1. Desde sempre, as pontes têm uma forte presença no imaginário colectivo, representando a possibilidade de união de territórios e de povos vizinhos, geograficamente separados pelas águas de um rio. Elas respondem ao desejo, acalentado pelas populações de ambas as margens, de comunicarem entre si e de harmoniosamente conviverem, trocando bens e serviços.
Uma ponte que se oferece à travessia é sempre uma promessa de encontro, de diálogo, de partilha e convergência. É um desafiador passadiço suspenso no ar, que incita ao conhecimento e à descoberta de outras margens.
Ao contrário, os muros tendem a suscitar sentimentos nefastos, evocando descontinuidades, rupturas, segregações.
As fronteiras são frequentemente identificadas como muros, levando muito boa gente a proclamar, tropologicamente, que precisamos de construir mais e mais pontes, em vez de muros.
A verdade, contudo, é que também as pontes podem assumir-se como fronteiras, ganhando, nessas circunstâncias, a designação de “pontes internacionais”, por ligarem dois diferentes países, cruzando uma fronteira geográfica, como um rio, assim facilitando o trânsito de pessoas e de veículos.
2. Em decorrência da sua vocação e natureza, a história das pontes reúne episódios festivos, de exultante celebração, ao lado de outros mais dramáticos, senão mesmo trágicos, envolvendo extrema violência.

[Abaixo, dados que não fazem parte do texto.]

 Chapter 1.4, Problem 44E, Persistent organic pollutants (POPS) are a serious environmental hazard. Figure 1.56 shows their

Se há pontes malfadadas, de ruim destino, a ponte de Kerch, ligando a Rússia continental à península da Crimeia, está decerto entre elas. Com dupla aptidão (rodoviária e ferroviária) e 18 quilómetros de extensão, foi construída unilateralmente pela Federação Russa e inaugurada em 2018, quatro anos após a anexação da Crimeia.
A ponte foi considerada ilegal porque a Ucrânia, “como Estado costeiro no que diz respeito à Península da Crimeia”, não deu o seu consentimento para a construção. Também a Assembleia Geral das Nações Unidas e a União Europeia condenaram a construção da ponte por promover a integração forçada da península da Crimeia, ilegalmente anexada pela Rússia.

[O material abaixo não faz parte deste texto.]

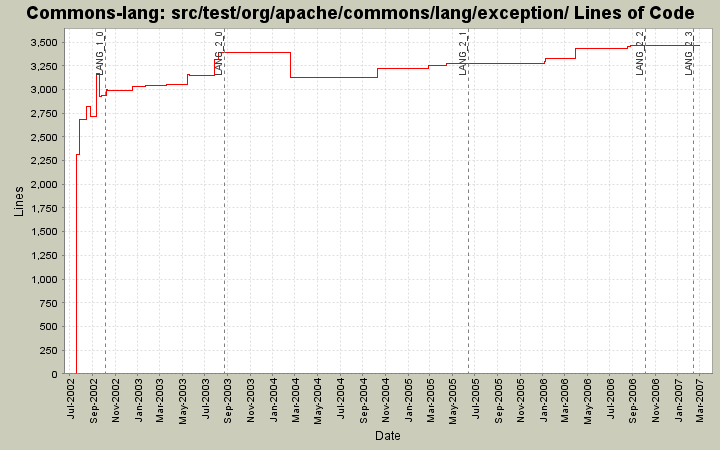 src/test/org/apache/commons/lang/exception/ Lines of Code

Dada a sua importância, não apenas simbólica mas estratégica, a ponte tornou-se um alvo militar legítimo para as forças ucranianas, apostadas em perturbar as linhas de abastecimento do exército russo.

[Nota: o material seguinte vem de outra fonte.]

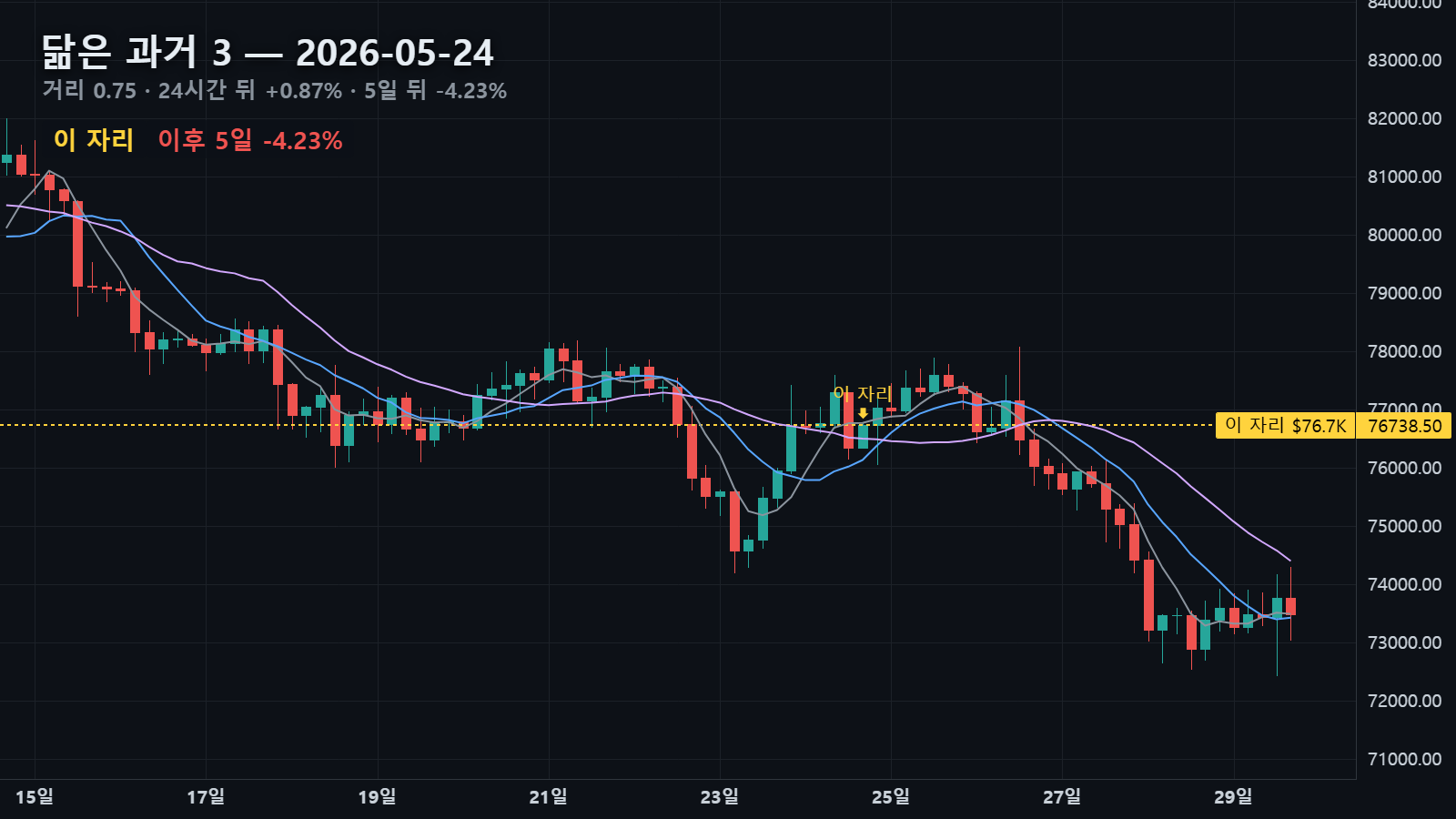닮은 과거 3 — 2026년 5월 24일 자리, 24시간 뒤 +0.87% · 5일 뒤 -4.23%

Consequentemente, a ponte de Kerch foi alvo de pelo menos três fortes ataques ucranianos: em outubro de 2022 (camião-bomba), em julho de 2023 (drones marítimos), e em junho de 2025 (explosivos colocados nas fundações).
A destruição violenta é má-sina de muitas pontes, sobretudo por parte de exércitos em retirada: assim aconteceu com a ponte de Remagen, sobre o Reno (1945), bombardeada pelo próprio exército nazi, que também dinamitou, em 1944, a Ponte Maria Valéria, sobre o Danúbio, na fronteira entre Hungria e Eslováquia. A mesma sorte teve, muito antes, a Ponte das Barcas, sobre o Douro, incendiada pelas tropas napoleónicas para impedir o avanço das tropas luso-britânicas (1809).
3. Felizmente, os episódios edificantes sobrepõem-se aos incidentes belicosos, prevalecendo geralmente a vocação congregadora e o cunho aglutinador das pontes internacionais. Não surpreende, por isso, a coincidência de muitas delas terem sido crismadas com um mesmo – e inspirador – nome: “Ponte da Amizade”. É exactamente assim que se chama a ponte entre o Tajiquistão e o Afeganistão, sobre o rio Panj; e a ponte que liga o Brasil à Argentina sobre o rio Iguaçu; e a ponte que liga a China ao Nepal, sobre o rio Bothe Koshi; e a ponte entre a Tailândia e o Laos, sobre o rio Mecom; e a ponte entre o Uzbequistão e o Afeganistão, sobre o rio Amu Daria.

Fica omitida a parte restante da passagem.